Laying such disasters solely at the feet of climate change obscures our mistakes beyond the world burning or washing away. Climate change is commonly cited for the decline of Pacific salmon, and research recently featured in the Atlantic noted how climate change can be tracked through the history of seafood menus.
But the true list of threats to Pacific salmon is much longer. The Canadian government’s own Cohen Commission on the collapse of the Fraser River sockeye found that a long list of effects is likely to blame. Notably, several salmon stocks have met government criteria for “overfished,” and there are effects from hydroelectric dams, salmon farms and forestry. In a striking parallel, researchers note the decline of Atlantic salmon is likely linked to poorly managed ocean fisheries, something that “has collapsed numerous stocks of desired species worldwide.”
It is absolutely undoubtable that climate change is a factual and all-encompassing threat to the world as we know it. It is exacerbating wildfires and floods, driving heat waves and species extinctions. But it is not our only problem. Unfortunately, it has become a politically convenient one. Whether or not our governments are implementing effective climate action, they can always blame climate change on someone else, for all the decarbonization possible in B.C. will never offset the emissions of the U.S. or China.
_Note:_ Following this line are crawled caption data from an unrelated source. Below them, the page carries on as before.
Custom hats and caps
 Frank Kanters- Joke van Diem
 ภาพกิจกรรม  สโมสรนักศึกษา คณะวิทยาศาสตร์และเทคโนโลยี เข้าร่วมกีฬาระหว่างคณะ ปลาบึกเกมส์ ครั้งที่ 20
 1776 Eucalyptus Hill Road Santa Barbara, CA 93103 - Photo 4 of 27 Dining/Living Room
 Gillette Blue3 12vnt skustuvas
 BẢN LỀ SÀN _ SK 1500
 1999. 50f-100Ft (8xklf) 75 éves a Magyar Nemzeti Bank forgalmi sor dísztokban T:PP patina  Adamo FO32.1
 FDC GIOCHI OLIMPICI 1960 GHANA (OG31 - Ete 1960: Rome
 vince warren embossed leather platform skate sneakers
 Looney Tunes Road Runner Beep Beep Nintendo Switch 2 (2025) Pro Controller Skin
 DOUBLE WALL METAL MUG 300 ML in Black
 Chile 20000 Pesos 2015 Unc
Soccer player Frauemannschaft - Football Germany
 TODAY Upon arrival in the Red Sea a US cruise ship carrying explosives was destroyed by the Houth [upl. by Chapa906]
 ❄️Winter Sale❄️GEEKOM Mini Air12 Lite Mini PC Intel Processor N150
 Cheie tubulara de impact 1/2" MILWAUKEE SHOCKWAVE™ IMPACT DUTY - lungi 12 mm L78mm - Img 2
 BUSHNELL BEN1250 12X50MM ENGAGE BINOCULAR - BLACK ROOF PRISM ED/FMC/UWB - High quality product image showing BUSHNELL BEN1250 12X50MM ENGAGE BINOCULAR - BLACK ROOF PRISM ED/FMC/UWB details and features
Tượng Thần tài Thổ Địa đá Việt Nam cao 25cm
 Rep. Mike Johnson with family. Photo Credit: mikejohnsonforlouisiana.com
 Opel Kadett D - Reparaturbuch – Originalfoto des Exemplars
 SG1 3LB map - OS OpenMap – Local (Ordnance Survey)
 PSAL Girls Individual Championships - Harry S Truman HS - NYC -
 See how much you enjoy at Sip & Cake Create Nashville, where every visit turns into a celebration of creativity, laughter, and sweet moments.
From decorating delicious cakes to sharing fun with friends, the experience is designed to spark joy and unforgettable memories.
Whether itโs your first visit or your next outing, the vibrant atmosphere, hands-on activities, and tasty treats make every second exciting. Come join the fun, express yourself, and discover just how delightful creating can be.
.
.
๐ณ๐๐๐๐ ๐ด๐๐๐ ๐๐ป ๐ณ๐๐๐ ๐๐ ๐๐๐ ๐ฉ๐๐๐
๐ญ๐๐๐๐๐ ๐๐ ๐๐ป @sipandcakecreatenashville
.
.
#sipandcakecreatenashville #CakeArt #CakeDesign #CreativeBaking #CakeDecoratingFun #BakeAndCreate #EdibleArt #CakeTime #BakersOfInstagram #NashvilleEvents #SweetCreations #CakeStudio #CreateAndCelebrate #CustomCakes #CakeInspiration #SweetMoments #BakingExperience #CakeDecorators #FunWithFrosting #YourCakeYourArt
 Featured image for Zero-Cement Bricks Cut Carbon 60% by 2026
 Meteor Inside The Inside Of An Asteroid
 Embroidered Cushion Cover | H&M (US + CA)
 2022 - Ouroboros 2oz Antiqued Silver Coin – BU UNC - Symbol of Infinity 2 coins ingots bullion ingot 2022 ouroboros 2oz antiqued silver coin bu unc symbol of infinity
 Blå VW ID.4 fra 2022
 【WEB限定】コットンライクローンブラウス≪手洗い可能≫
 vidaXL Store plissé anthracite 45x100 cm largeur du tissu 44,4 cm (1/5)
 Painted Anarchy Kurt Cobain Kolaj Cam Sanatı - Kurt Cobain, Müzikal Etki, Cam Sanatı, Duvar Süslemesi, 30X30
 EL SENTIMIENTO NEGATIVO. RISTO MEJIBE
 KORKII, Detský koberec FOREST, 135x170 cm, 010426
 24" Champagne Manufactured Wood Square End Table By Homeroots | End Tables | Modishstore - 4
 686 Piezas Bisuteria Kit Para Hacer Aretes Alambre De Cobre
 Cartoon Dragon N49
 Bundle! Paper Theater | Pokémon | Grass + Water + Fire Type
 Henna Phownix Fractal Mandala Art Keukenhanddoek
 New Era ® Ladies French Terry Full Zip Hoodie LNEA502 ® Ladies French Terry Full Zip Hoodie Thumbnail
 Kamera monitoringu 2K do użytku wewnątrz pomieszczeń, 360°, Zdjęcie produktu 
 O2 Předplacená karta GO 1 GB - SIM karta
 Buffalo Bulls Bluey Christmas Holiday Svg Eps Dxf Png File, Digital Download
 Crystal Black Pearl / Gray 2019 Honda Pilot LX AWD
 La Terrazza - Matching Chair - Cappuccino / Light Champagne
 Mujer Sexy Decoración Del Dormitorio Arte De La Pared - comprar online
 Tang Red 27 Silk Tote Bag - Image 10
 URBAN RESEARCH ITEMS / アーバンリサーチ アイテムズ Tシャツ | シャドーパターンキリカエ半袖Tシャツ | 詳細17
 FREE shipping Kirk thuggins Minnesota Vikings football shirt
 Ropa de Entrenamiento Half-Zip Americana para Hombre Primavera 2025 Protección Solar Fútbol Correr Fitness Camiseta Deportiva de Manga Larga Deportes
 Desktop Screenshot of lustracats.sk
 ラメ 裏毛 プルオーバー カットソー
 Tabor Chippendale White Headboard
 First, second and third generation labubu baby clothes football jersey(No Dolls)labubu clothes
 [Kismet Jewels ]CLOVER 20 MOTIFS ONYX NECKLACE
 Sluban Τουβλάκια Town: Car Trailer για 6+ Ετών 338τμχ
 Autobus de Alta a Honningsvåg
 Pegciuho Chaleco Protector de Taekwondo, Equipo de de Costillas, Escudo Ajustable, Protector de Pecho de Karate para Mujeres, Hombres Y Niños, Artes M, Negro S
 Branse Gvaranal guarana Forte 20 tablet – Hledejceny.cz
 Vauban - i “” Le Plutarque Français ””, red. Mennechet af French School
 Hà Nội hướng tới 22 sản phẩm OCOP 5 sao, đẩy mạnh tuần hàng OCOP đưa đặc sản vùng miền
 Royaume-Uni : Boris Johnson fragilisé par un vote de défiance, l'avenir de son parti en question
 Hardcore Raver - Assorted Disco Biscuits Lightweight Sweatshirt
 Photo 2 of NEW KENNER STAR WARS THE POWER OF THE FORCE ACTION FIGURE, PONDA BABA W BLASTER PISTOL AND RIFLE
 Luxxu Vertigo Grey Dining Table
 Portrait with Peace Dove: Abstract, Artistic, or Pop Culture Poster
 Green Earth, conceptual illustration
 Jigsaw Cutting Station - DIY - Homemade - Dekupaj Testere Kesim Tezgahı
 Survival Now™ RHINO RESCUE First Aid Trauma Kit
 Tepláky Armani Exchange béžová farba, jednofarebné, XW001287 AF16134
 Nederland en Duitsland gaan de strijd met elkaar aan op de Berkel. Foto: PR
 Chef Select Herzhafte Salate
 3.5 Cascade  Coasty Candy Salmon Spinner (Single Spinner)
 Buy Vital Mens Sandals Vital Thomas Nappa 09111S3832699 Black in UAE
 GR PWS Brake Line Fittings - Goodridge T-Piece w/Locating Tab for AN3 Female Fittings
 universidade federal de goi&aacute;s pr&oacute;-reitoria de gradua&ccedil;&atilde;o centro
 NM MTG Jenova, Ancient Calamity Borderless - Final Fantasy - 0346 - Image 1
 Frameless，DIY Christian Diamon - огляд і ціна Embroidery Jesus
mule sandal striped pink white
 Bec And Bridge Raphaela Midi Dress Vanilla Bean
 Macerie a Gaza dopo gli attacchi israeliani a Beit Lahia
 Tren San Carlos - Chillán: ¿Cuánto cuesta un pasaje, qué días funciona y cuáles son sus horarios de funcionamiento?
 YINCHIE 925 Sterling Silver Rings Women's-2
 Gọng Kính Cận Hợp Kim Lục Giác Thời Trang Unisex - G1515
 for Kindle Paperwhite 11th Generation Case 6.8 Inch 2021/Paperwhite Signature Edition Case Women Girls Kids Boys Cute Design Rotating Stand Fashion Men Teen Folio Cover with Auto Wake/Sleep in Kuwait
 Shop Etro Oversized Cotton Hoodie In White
Don’t let the government ignore the many solvable issues that are driving ecological destruction or obfuscate the wide range of potential solutions. Don’t let them boast about climate change while they let slip the solutions we can implement right here, now.
Resolving the comorbidities of species decline, wildfires and flooding, particularly short-sighted and destructive land, water and resource management, will create effective ways to adapt to climate-fuelled destruction.
Better forestry practices can reduce the threat of wildfires and help us prepare our forests for a hotter world.
Better watershed management will help make places like British Columbia more resilient to atmospheric rivers and record precipitation.
And understanding that all of our actions have ecological consequences will help us comprehend our new reality.